Chhim Phan, a former Khmer Rouge deputy commune chief at­tending yesterday’s hearings, said the prosecutors’ presentation was difficult to listen to. He once ordered his cadres to publicly ex­ecute a man and a woman who had fallen in love illicitly. Now, he is plagued by guilt.

“That couple was brought to smash in front of a crowd of men’s mobile unit and women’s mo­bile unit in order to warn others not to make love,” he recalled. “They were beaten to death with hoes and wooden sticks. I admit I killed that couple, but I was or­dered to do so.”

Ms Leang and Mr Cayley said there was no doubt that the three accused were directly responsible for coordinating the policies that led to these atrocities. Each of the three is charged with genocide against Cham Muslims and ethnic Viet­namese; crimes against hu­ma­n­ity including murder, ex­termination, enslavement and torture; and war crimes, including tor­ture, un­lawful deportation, willful killing and willfully causing great suffering.

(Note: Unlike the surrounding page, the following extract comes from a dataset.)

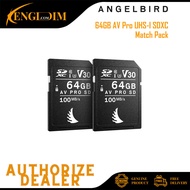 Angelbird AV Pro UHS-I SDXC Match Pack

But due to the case’s complexity, judges have split it into several smaller “mini-trials,” and only forced evacuations and related crimes against humanity will be dealt with when witness testimony begins in December.

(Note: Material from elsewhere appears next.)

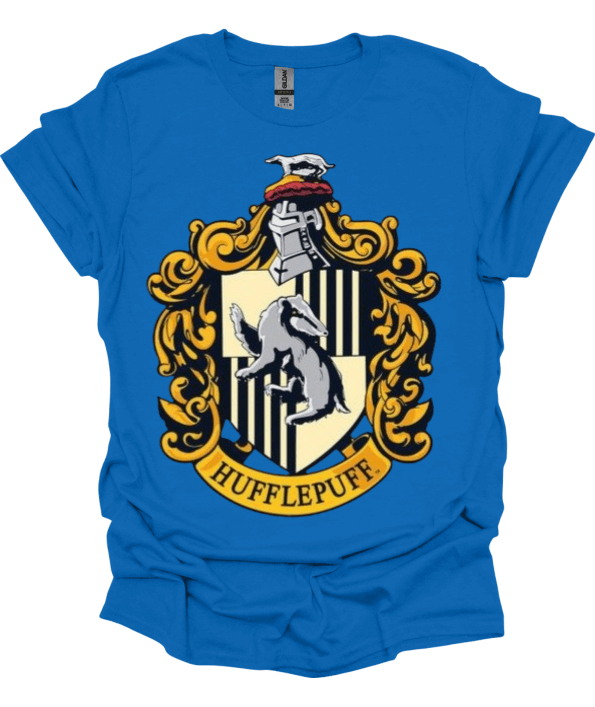 Hufflepuff House Loyal Spirit Fantasy House Graphic Tee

Khmer Rouge victims and their tormenters attended yesterday’s hearing side by side. Civil party Khoem Rin, 63, was evacuated from her Phnom Penh home to Kompong Speu in 1975. Her brother was executed in the jungle, and Khmer Rouge soldiers fried and ate his liver, lungs and viscera.

“When I first saw those top three Khmer Rouge leaders, I wanted to hit them with my shoes, because even Hitler, the former German leader, never killed his own people. In contrast, these former Khmer Rouge stupid leaders smashed their na­tion,” she said.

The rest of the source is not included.